Gaza, Gatra.com - Serangan udara Israel menewaskan sedikitnya 44 warga Palestina – termasuk puluhan anak-anak – di kota Rafah di Gaza selatan pada hari Sabtu. Serangan ini beberapa jam setelah perdana menteri Israel mengatakan jika dia telah meminta militer untuk merencanakan evakuasi ratusan ribu orang di sana sebelum serangan invasi darat.
AP, Sabtu (10/2) melaporkan, Benjamin Netanyahu tidak memberikan rincian atau batas waktunya, namun pengumuman tersebut memicu kepanikan dan peringatan dari sejumlah diplomat.

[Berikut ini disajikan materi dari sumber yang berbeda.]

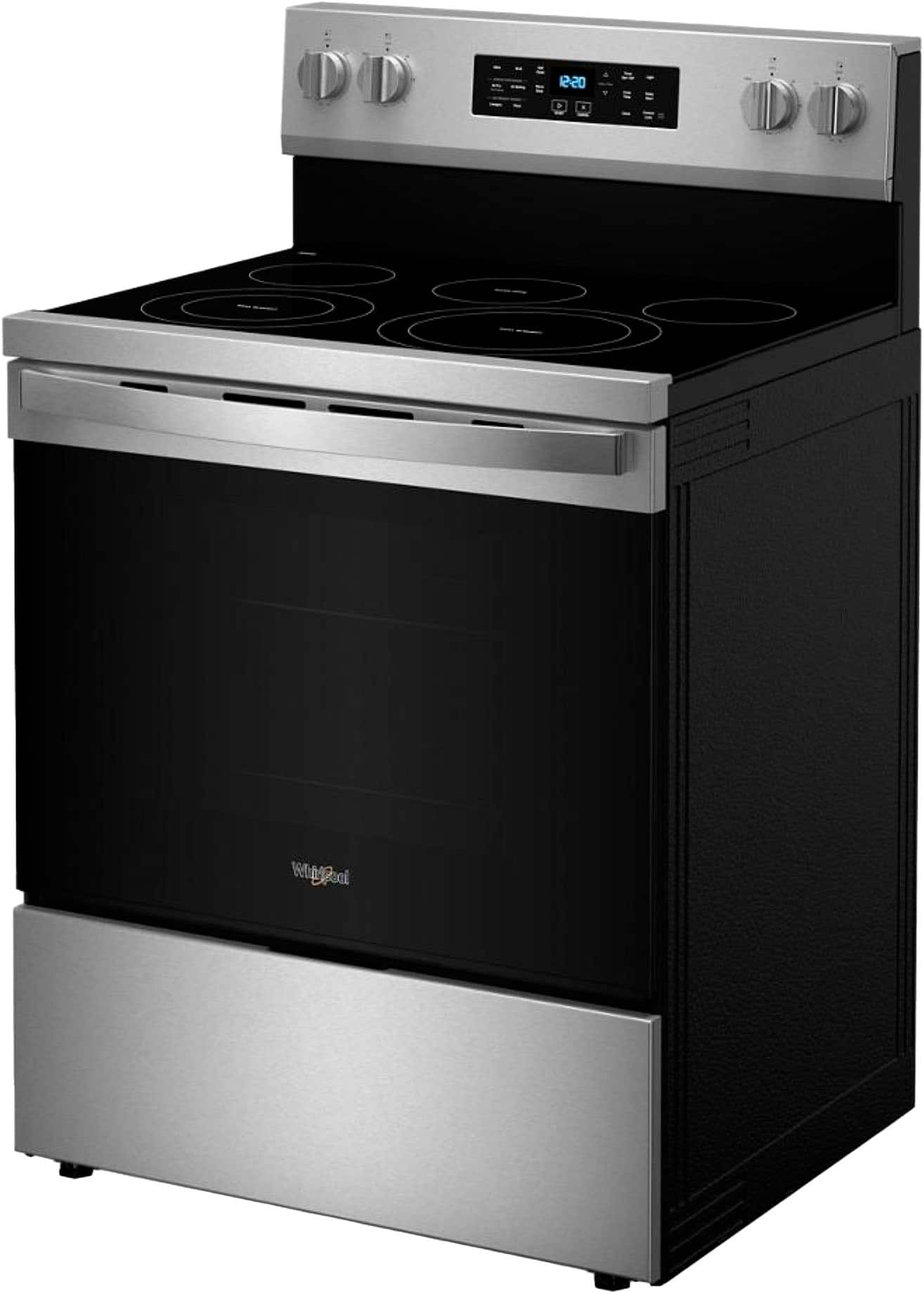 The text on the image reads "05S Wottpood ool." However, it is not clear what this text represents or its relevance to the image. The image features a stainless steel stove top oven with a black door, and it is displayed in a white background.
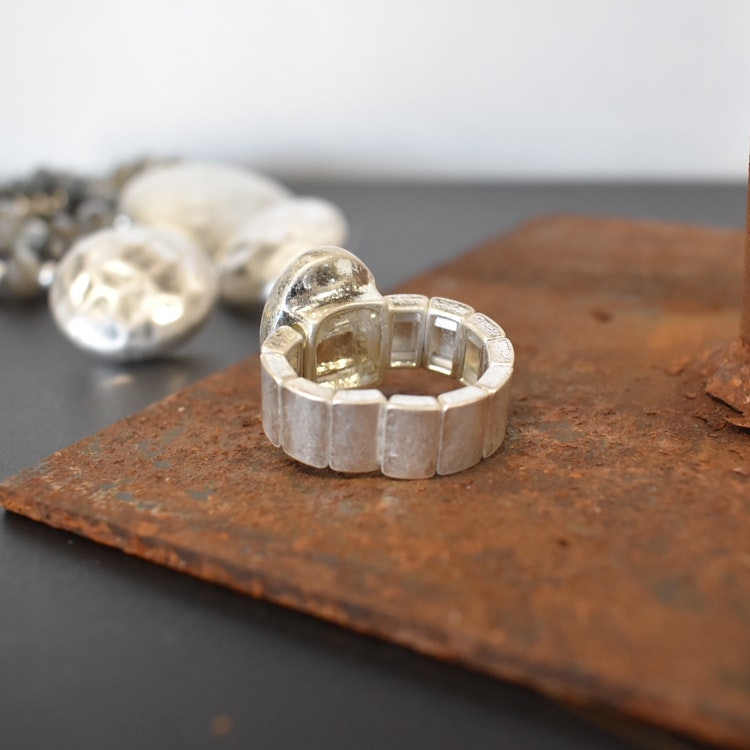 Elastisk ring Sophia SILVER - The Moshi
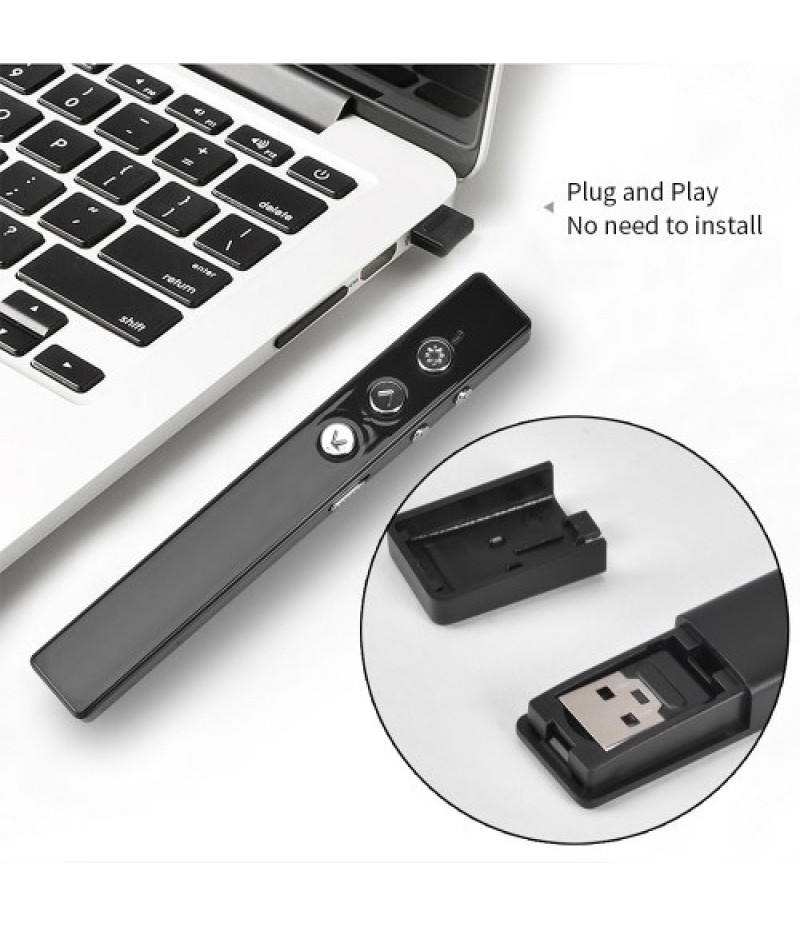 PPT Flip Pen Wireless Presenter PPT Clicker Multifunction Electronic Projection Pen Laser Flip Pen Remote Control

Lebih dari separuh dari 2,3 juta penduduk Gaza mengungsi ke Rafah, sebagian besar setelah mengikuti perintah evakuasi Israel yang kini mencakup dua pertiga wilayah tersebut.
Tidak jelas ke mana mereka bisa lari selanjutnya.
Israel mengatakan bahwa Rafah, yang berbatasan dengan Mesir, adalah benteng terakhir kelompok militan Hamas di Gaza setelah lebih dari empat bulan perang yang dipicu oleh serangan Hamas pada 7 Oktober.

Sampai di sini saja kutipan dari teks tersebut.